With hit books that support strategic reading through conferring, small groups, and assessment, Jen Serravallo gets emails almost daily asking, “Isn’t there a book of the strategies themselves?” Now there is.

“Strategies make the often invisible work of reading actionable and visible,” Jen writes. In The Reading Strategies Book, she collects 300 strategies to share with readers in support of thirteen goals-everything from fluency to literary analysis. Each strategy is cross-linked to skills, genres, and Fountas & Pinnell reading levels to give you just-right teaching, just in time. With Jen’s help you’ll:

  • develop goals for every reader
  • give students step-by-step strategies for skilled reading
  • guide readers with prompts aligned to the strategies
  • adjust instruction to meet individual needs with Jen’s Teaching Tips
  • craft demonstrations and explanations with her Lesson Language
  • learn more with Hat Tips to the work of influential teacher-authors.
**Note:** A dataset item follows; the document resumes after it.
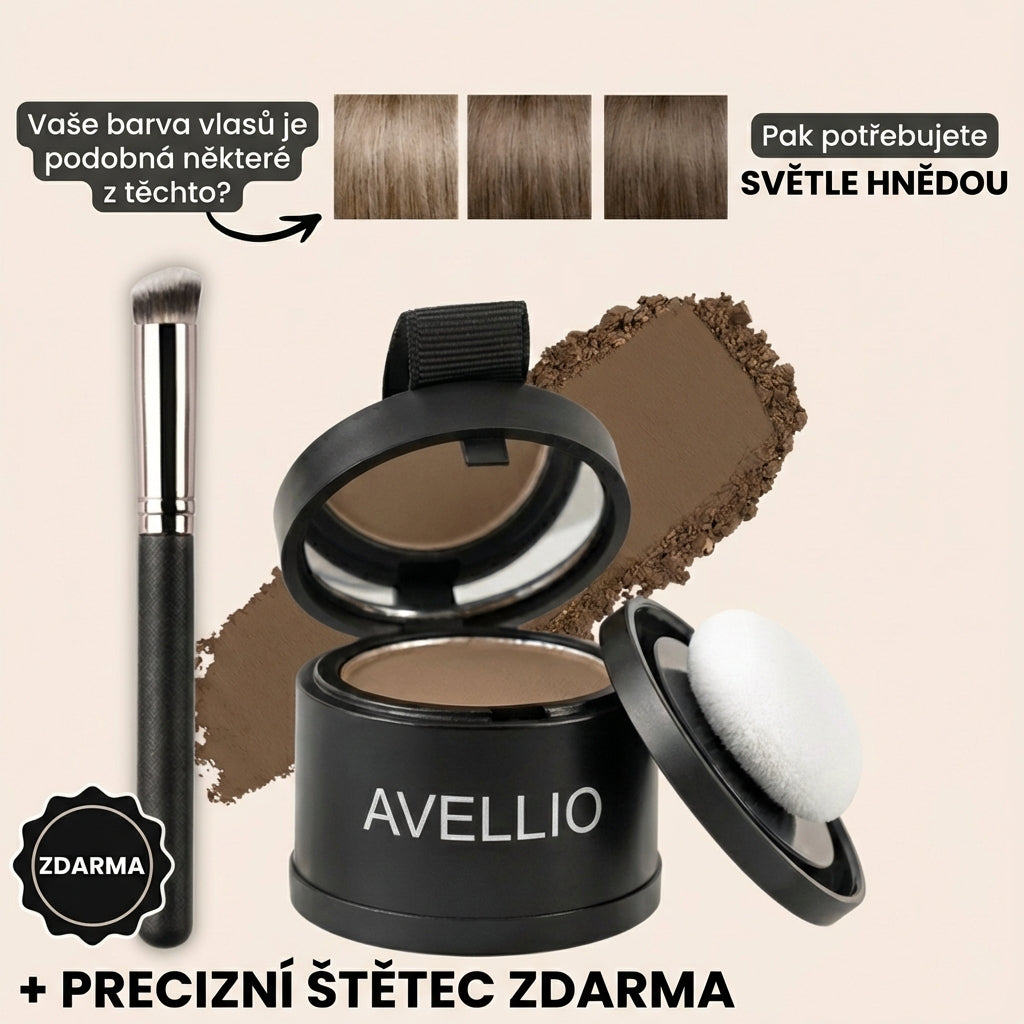 Avellio™ – Okamžité krytí odrostů a šedin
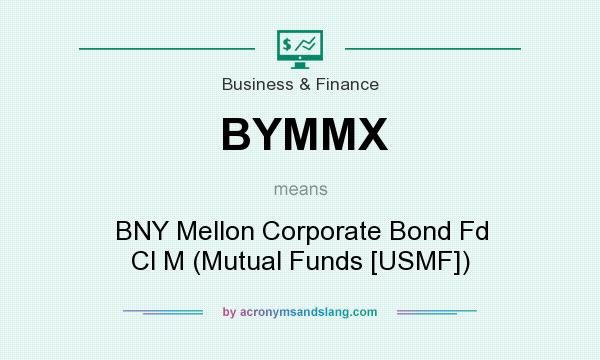 What does BYMMX mean? It stands for BNY Mellon Corporate Bond Fd Cl M (Mutual Funds [USMF])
Whether you use readers workshop, Daily 5/CAFE, guided reading, balanced reading, a core reading program, whole-class novels, or any other approach, The Reading Strategies Book will complement and extend your teaching. Rely on it to plan and implement goal-directed, differentiated instruction for individuals, small groups, and whole classes.

“We offer strategies to readers to put the work in doable terms for those who are still practicing,” writes Jen Serravallo. “The goal is not that they can do the steps of the strategy but that they become more comfortable and competent with a new skill.” With The Reading Strategies Book, you’ll have ways to help your readers make progress every day.